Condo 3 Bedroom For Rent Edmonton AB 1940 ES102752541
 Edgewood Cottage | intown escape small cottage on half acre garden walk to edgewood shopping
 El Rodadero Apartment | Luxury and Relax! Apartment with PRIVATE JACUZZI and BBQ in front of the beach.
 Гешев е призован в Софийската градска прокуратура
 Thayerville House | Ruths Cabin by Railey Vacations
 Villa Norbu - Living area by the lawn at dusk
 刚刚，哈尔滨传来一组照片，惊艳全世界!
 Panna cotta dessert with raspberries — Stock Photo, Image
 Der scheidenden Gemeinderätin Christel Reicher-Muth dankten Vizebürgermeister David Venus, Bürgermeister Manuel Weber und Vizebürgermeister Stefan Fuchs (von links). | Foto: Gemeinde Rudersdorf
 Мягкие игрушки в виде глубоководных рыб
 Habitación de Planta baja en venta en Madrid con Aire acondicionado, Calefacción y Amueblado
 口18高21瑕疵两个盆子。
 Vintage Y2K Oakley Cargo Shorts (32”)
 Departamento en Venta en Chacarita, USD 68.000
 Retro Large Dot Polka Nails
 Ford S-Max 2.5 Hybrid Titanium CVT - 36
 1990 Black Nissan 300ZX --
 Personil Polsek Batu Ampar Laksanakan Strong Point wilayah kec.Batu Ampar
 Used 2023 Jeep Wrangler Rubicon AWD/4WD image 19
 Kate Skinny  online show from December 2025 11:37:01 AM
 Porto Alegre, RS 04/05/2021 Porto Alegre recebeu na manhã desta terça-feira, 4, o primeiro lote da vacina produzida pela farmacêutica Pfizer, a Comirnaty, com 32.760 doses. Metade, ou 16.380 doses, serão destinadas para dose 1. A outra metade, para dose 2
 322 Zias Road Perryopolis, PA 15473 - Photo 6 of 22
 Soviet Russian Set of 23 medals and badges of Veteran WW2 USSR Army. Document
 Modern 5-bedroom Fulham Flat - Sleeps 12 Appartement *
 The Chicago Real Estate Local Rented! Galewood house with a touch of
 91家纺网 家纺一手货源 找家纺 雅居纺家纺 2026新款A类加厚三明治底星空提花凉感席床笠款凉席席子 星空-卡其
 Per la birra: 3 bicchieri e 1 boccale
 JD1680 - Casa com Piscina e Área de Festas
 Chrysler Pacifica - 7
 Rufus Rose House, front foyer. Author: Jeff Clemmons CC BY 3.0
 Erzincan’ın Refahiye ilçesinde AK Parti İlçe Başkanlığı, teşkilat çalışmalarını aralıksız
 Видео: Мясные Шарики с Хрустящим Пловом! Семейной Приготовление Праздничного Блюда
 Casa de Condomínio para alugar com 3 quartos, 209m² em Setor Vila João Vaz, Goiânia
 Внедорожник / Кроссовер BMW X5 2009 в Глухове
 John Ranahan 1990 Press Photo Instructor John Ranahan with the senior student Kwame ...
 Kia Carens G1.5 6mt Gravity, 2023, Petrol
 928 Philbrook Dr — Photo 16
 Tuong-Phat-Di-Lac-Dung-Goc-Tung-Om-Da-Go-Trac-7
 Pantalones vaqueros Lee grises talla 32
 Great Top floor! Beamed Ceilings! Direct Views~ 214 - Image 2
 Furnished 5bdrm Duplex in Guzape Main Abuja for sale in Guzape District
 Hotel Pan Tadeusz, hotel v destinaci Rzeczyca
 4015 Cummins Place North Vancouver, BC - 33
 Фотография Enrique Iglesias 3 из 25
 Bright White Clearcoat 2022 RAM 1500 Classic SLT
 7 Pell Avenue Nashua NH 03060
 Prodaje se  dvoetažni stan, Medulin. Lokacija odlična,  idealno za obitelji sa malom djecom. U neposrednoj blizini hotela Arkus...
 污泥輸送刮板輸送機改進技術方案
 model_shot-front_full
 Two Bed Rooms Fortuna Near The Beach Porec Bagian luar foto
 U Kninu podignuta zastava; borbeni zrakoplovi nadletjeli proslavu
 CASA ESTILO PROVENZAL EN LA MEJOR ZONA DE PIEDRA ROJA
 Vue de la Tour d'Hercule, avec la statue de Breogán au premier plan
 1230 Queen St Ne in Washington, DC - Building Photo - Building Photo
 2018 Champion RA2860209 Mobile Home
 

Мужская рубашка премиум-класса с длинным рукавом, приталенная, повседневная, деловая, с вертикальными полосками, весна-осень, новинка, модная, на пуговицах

- The task -
In the entries above, please find the line with "Thayerville House |" and the line with "Внедорожник / Кроссовер", then write out exactly those two lines and every line between them, and nothing more.

- Answer area -
 Thayerville House | Ruths Cabin by Railey Vacations
 Villa Norbu - Living area by the lawn at dusk
 刚刚，哈尔滨传来一组照片，惊艳全世界!
 Panna cotta dessert with raspberries — Stock Photo, Image
 Der scheidenden Gemeinderätin Christel Reicher-Muth dankten Vizebürgermeister David Venus, Bürgermeister Manuel Weber und Vizebürgermeister Stefan Fuchs (von links). | Foto: Gemeinde Rudersdorf
 Мягкие игрушки в виде глубоководных рыб
 Habitación de Planta baja en venta en Madrid con Aire acondicionado, Calefacción y Amueblado
 口18高21瑕疵两个盆子。
 Vintage Y2K Oakley Cargo Shorts (32”)
 Departamento en Venta en Chacarita, USD 68.000
 Retro Large Dot Polka Nails
 Ford S-Max 2.5 Hybrid Titanium CVT - 36
 1990 Black Nissan 300ZX --
 Personil Polsek Batu Ampar Laksanakan Strong Point wilayah kec.Batu Ampar
 Used 2023 Jeep Wrangler Rubicon AWD/4WD image 19
 Kate Skinny  online show from December 2025 11:37:01 AM
 Porto Alegre, RS 04/05/2021 Porto Alegre recebeu na manhã desta terça-feira, 4, o primeiro lote da vacina produzida pela farmacêutica Pfizer, a Comirnaty, com 32.760 doses. Metade, ou 16.380 doses, serão destinadas para dose 1. A outra metade, para dose 2
 322 Zias Road Perryopolis, PA 15473 - Photo 6 of 22
 Soviet Russian Set of 23 medals and badges of Veteran WW2 USSR Army. Document
 Modern 5-bedroom Fulham Flat - Sleeps 12 Appartement *
 The Chicago Real Estate Local Rented! Galewood house with a touch of
 91家纺网 家纺一手货源 找家纺 雅居纺家纺 2026新款A类加厚三明治底星空提花凉感席床笠款凉席席子 星空-卡其
 Per la birra: 3 bicchieri e 1 boccale
 JD1680 - Casa com Piscina e Área de Festas
 Chrysler Pacifica - 7
 Rufus Rose House, front foyer. Author: Jeff Clemmons CC BY 3.0
 Erzincan’ın Refahiye ilçesinde AK Parti İlçe Başkanlığı, teşkilat çalışmalarını aralıksız
 Видео: Мясные Шарики с Хрустящим Пловом! Семейной Приготовление Праздничного Блюда
 Casa de Condomínio para alugar com 3 quartos, 209m² em Setor Vila João Vaz, Goiânia
 Внедорожник / Кроссовер BMW X5 2009 в Глухове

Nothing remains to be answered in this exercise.